= Alfred Cowles Jr. =

American lawyer

Alfred Cowles Jr. (January 5, 1865 – January 15, 1939) was a director of the Chicago Tribune company for 48 years.

== Early life and education ==
Born in Chicago, he was the eldest son of Alfred Cowles Sr. and Sarah Frances Cowles (née Hutchinson). His father served as bookkeeper, then secretary-treasurer of the Chicago Tribune, and worked closely with owner Joseph Medill.'

Alfred Junior graduated from Yale University in 1886. During his senior year, Cowles was captain of the Yale champion varsity crew which set an upstream record on the Thames River which remained unbroken until 1923. He was a member of Skull and Bones.

He engaged in post-graduate work, at Yale Law School from 1887 to 1888, and Northwestern University from 1888 to 1889. Over the years, Cowles continued to be involved with the Yale crew, serving as chief advisor to head coach Edson F. Gallaudet in 1899.

== Career ==
Following admission to the bar in 1889, Cowles practiced law in Chicago for only a few years. He became a director of the Chicago Tribune in 1891, two years after his father died. He served as secretary and treasurer of the Tribune from 1889 to 1901.

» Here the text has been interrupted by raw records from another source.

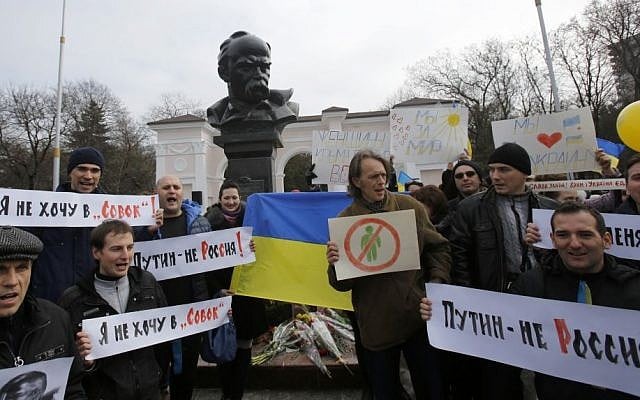 People shout slogans as they stand next to a statue of Ukrainian poet Taras Shevchenko, during a rally against the breakup of the country in Simferopol, Crimea, Ukraine, Thursday, March 9, 2014. (photo credit: AP Photo/Darko Vojinovic) People shout slogans as they stand next to a statue of Ukrainian poet Taras Shevchenko, during a rally against the breakup of the country in Simferopol, Crimea, Ukraine, Thursday, March 9, 2014. (photo credit: AP Photo/Darko Vojinovic)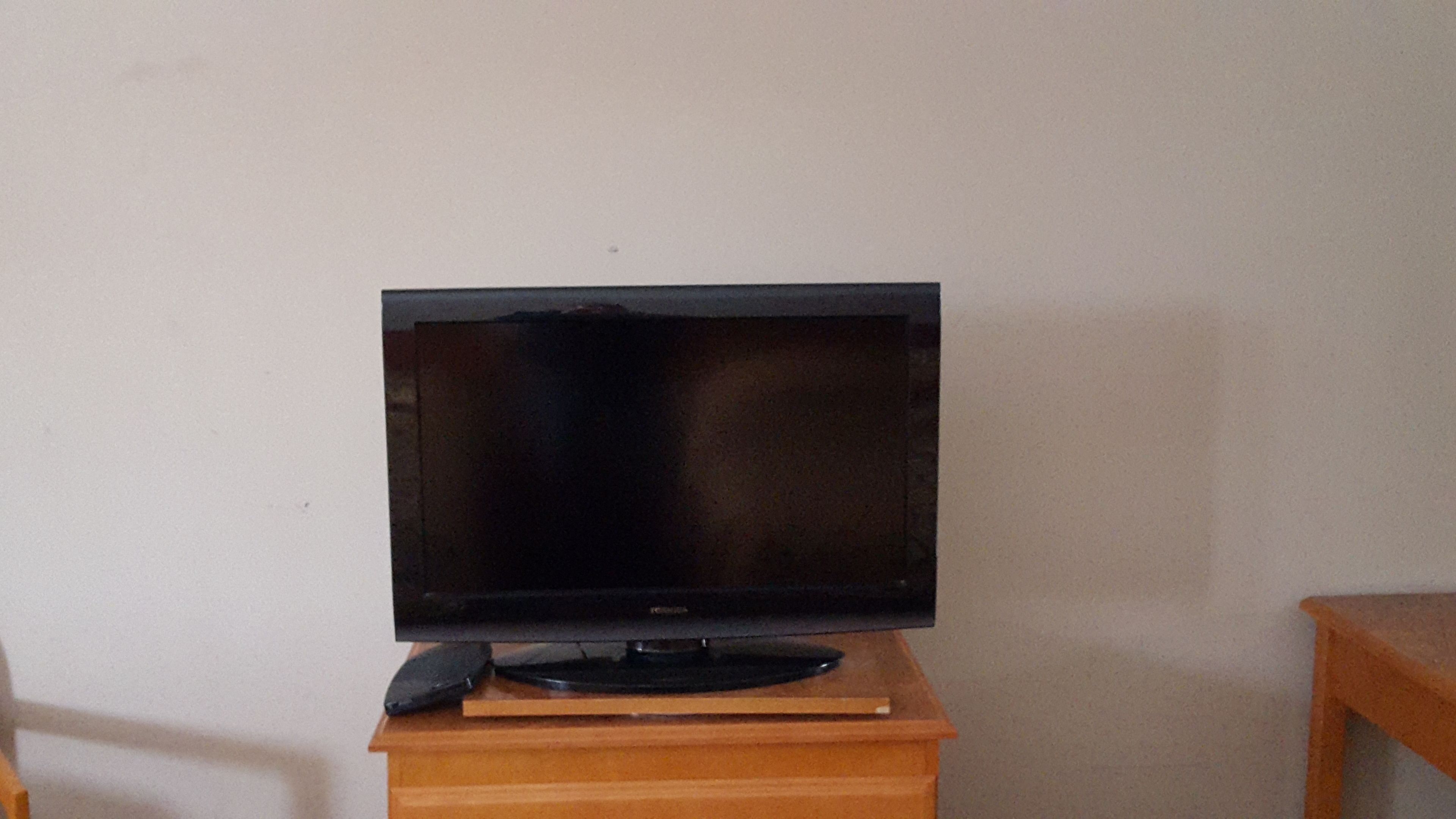 A flat-screen TV on a wooden stand in a room.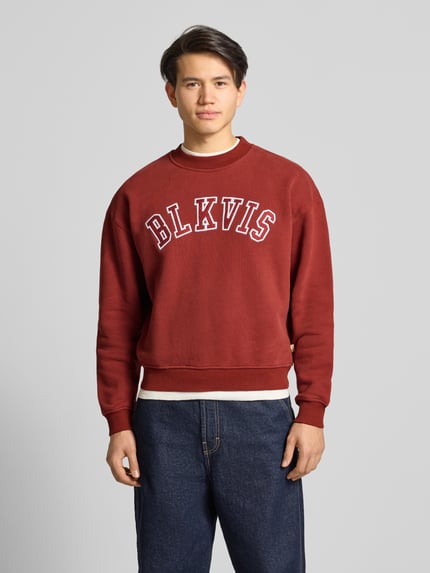 Männermodel trägt Sweatshirt mit Logo und Rundhalsausschnitt von BLKVIS in Dunkelrot, reine Baumwolle, Relaxed Fit, Ganzkörperansicht von vorne.
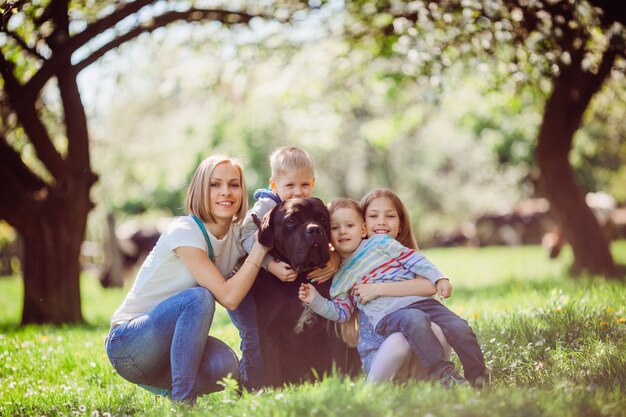 De moeder, kinderen en hond zittend op het gras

He was also a director of the Continental Illinois Bank and Trust, as well as the American Radiator Company. A campaigner against government waste, he served as president of the Civic Federation and the Bureau of Public Efficiency from 1932 to 1935.

== Personal life ==
After graduating from Yale, he married Elizabeth Cheney of Manchester, Connecticut, with whom he had four children: Alfred Cowles III (1891–1984), Knight Cheney Cowles (b. 1892), John Cheney Cowles (b. 1894) and Thomas Hooker Cowles (b. 1895). Alfred Jr. played golf and enjoyed shooting.

== Death and legacy ==
In 1928, Alfred Jr., his brother William H. Cowles, and their sister Sarah Frances Stewart donated $350,000 to Yale University to fund the Alfred Cowles Sf. Foundation for the study of government and public affairs.

He had heart disease and died from pneumonia at his home at 1130 Lake Shore Drive, Chicago, on January 15, 1939. He left an estate worth $985,000 when he died.